The quest will put him face-to-face with antagonists like Agent Stone (Thomas Haden Church), a deranged supercop obsessed with the broken-windows policing popularized by former New York City police commissioner Bill Bratton, and Sweet Tooth, a beefy psychopath in a clown mask, with the body of wrestler Joe Seanoa and the voice of Will Arnett. (Yes, Twisted Metal video-game nostalgists, he still drives an ice cream truck.) He also finds an unlikely ally, co-pilot, and inevitable love interest in a carjacker (Brooklyn Nine-Nine alum Stephanie Beatriz) bent on avenging the death of her brother (Richard Cabral), who killed himself on Stone’s orders to save her life. She won’t tell John her name, or even speak much at first, so he christens her Quiet.
It’s bad enough that Twisted Metal is basically Mad Max meets The Last of Us meets every other post-apocalyptic quest narrative pop culture has coughed up over the past five decades—a violent journey across desolate terrain, all in the name of survival.

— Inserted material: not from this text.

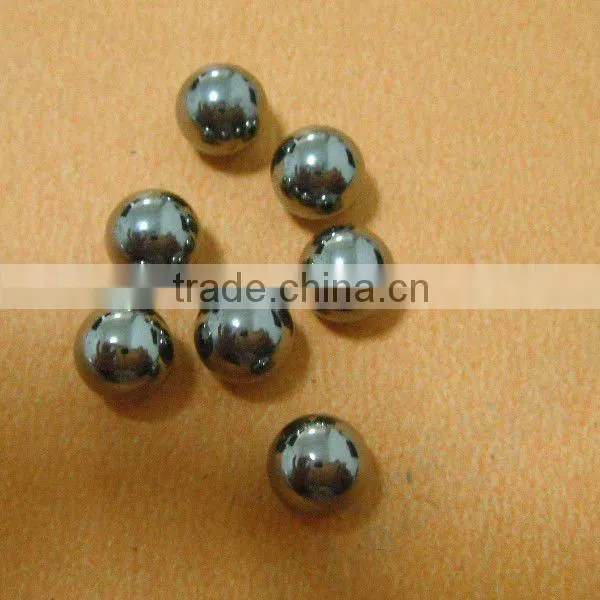 Supply High quality tungsten carbide ball yg6 yg8 yg6x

What’s worse is the way the creators wink-wink, nudge-nudge viewers through its 10-episode first season, as though tongue-in-cheek humor can compensate for a lack of originality. Mackie and Beatriz have solid chemistry; equal parts road warrior and diplomat, his chatty character plays well off her brooding one, who gains dimensionality through her subtle performance more than anything that’s in the script. Too often the violence is itself the punchline, and the baroque ways in which it’s meted out the prime evidence that anyone put any thought into this show at all.
Twisted Metal does, to be fair, make a ham-fisted statement or two. Every now and then, Reese, Wernick, and Smith see fit to remind us that, you know, inequality is bad. When Quiet’s backstory comes out, midway through the season, it couldn’t be more apparent that a brutally hierarchical society all but forced her to become an outlaw. (The show comes closest to provoking actual thought in the rare moments when it’s contrasting John’s aspirational hustle with her burn-it-all-down radicalism.) Also bad: police-state fascism, as extolled in Stone’s Bratton-worshiping monologues. Truly, where else in pop culture could a viewer find such searing social commentary?
It’s shallow enough to feel disingenuous, and the flatness of the characters doesn’t help. A horrific, ’80s-set origin story for Sweet Tooth becomes just another excuse for gratuitous gore; it turns out that there’s not much psychological insight worth mining from an unhinged clown in a leather harness who sets his own bald spot on fire for kicks. Hot and tough, with luxurious hair and gobs of eyeliner, most of the female characters are straight-up teenage-gamer fantasies. The most substantive conversation of the season between two such creatures concerns their competing romantic claims on the same guy; Bechdel wept.
The low-budget cult classics from which Twisted Metal cribs its lurid action scenes and broad anti-Establishment message—the original Mad Max, Death Race 2000, The Warriors, and so many more—have a certain scrappy appeal. But their shoddiness is kind of the point; messy satire serves the filmmakers’ countercultural purposes. What they lacked in subtlety, they made up for in urgency. In a big studio production like this, however, the approach is just an off-the-rack aesthetic, crassly deployed in lieu of an authentic reason to exist. The sound you hear, along with rubber hitting road and “Barbie Girl” superimposed over anguished screams, is the scrape of studio execs’ knuckles against the bottom of the IP barrel.